Dilansir dari Aljazeera, langkah pemerintah pada burqa dan sekolah mengikuti perintah tahun lalu yang mengamanatkan kremasi korban COVID-19 - bertentangan dengan keinginan Muslim, yang menguburkan jenazah mereka. Larangan ini dicabut awal tahun ini setelah mendapat kritik dari Amerika Serikat dan kelompok hak asasi internasional.

Shreen Saroor, seorang aktivis perdamaian dan hak-hak perempuan Sri Lanka, mengatakan langkah itu datang "pada saat komunitas Muslim terus-menerus menjadi sasaran".

"Itu bagian dari reaksi Islamofobia di Sri Lanka," kata Saroor. 

"Kebijakan wajib kremasi direvisi, dan sekarang kami mendengar begitu banyak tindakan lain untuk menghukum komunitas Muslim," tambahnya, mencatat bahwa Muslim di negara itu tidak diajak berkonsultasi sebelumnya.

Mengutip fakta bahwa pemakaian topeng telah diwajibkan di negara itu selama pandemi virus korona, Saroor mengatakan burqa "tampak [seperti] langkah balas dendam yang sangat politis". Pemakaian burqa di negara mayoritas Buddha untuk sementara dilarang pada 2019 setelah pemboman gereja dan hotel pada Minggu Paskah oleh pejuang bersenjata yang menewaskan lebih dari 250 orang.

Langkah tersebut mendapat tanggapan beragam, dengan para aktivis mengatakan itu "melanggar hak wanita Muslim untuk menjalankan agama mereka dengan bebas".

Pencegahan Tindakan Terorisme
Sementara itu, Presiden Gotabaya Rajapaksa, yang terpilih sebagai presiden pada tahun 2019, setelah menjanjikan tindakan keras terhadap “ekstremisme”, mengeluarkan peraturan yang mengizinkan penahanan terhadap siapa pun yang diduga menyebabkan “tindakan kekerasan atau ketidakharmonisan agama, ras atau komunal atau perasaan niat buruk atau permusuhan antara komunitas yang berbeda ”.

Aturan tersebut, efektif pada hari Jumat, telah ditetapkan di bawah Undang-Undang Pencegahan Terorisme (PTA), yang telah berulang kali diminta oleh kelompok hak asasi lokal dan internasional di Kolombo untuk mencabutnya.

"Siapapun bisa ditangkap karena mengatakan apapun," kata Saroor, menyebut PTA "sangat bermasalah".

Pemerintah Sri Lanka sebelumnya, yang dikalahkan oleh Rajapaksa pada pemilu 2019, telah berjanji untuk mencabut PTA setelah mengakuinya secara serius merusak kebebasan individu, tetapi gagal melakukannya.

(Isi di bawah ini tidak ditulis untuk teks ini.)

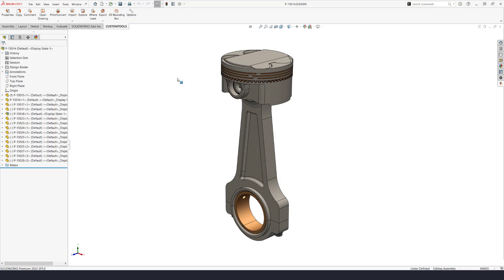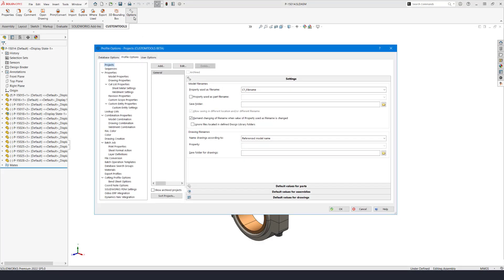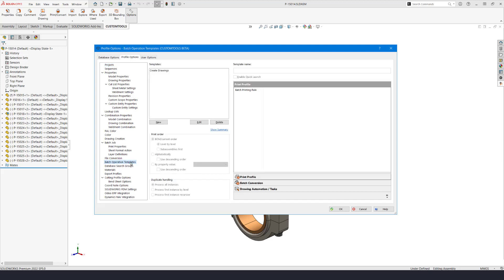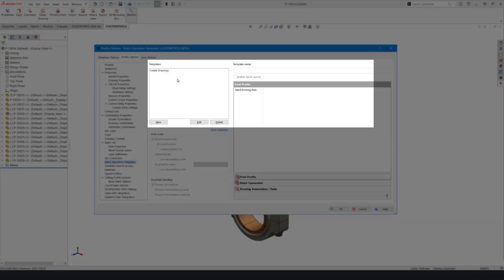As a final step I'll show the Custom Tools options and how to enable quick launch process for your existing templates. Under batch operation templates you can add or edit templates.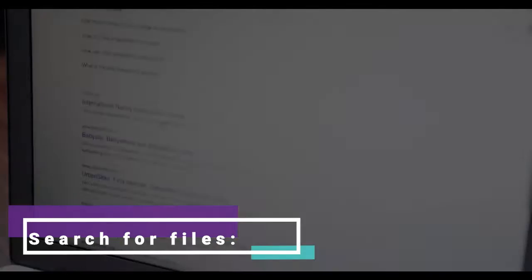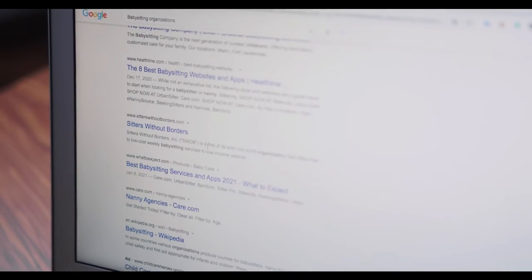Search for files: sometimes you know that the information you're looking for is in a specific file. You might be looking for a PDF file or a spreadsheet, for example. Google also has a solution for this.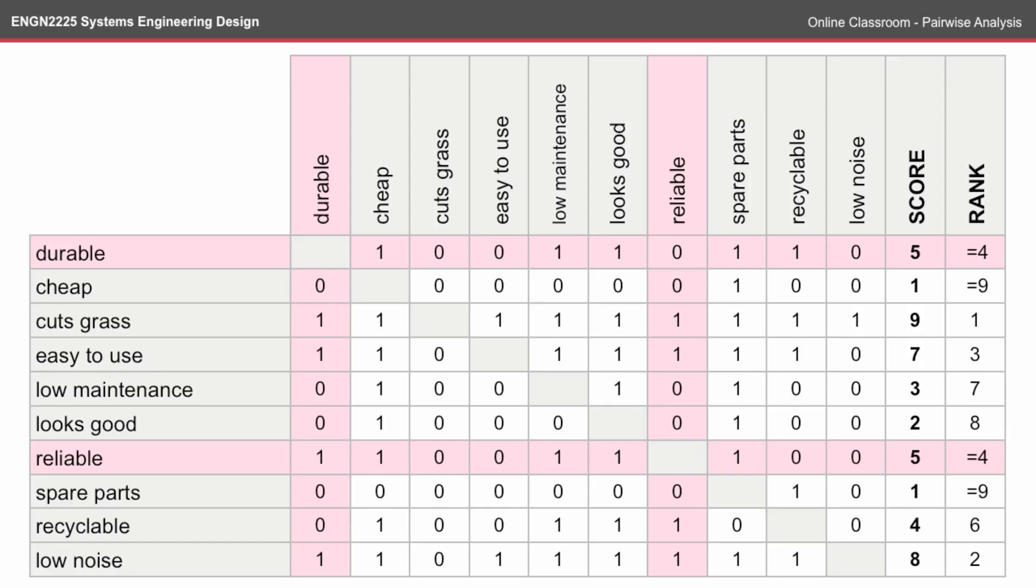Note that we have two equally ranking pairs of requirements. So durable and reliable both rank 4, and cheap and spare parts both rank 9th.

Muslim membentuk sekitar 9 persen dari 22 juta orang di Sri Lanka, di mana umat Buddha Sinhala berjumlah sekitar 75 persen dari populasi. Seorang mantan menteri pertahanan, Rajapaksa sangat populer di kalangan mayoritas Buddha Sinhala, yang memuji dia karena telah mengakhiri perang saudara selama 26 tahun di negara pulau itu pada tahun 2009.

Namun, para kritikus mengatakan selama perang dia menghancurkan pembangkang Macan Tamil dengan sedikit perhatian pada hak asasi manusia, mengizinkan penculikan dan memberikan persetujuan untuk pembunuhan di luar hukum. Dia telah menolak semua tuduhan itu.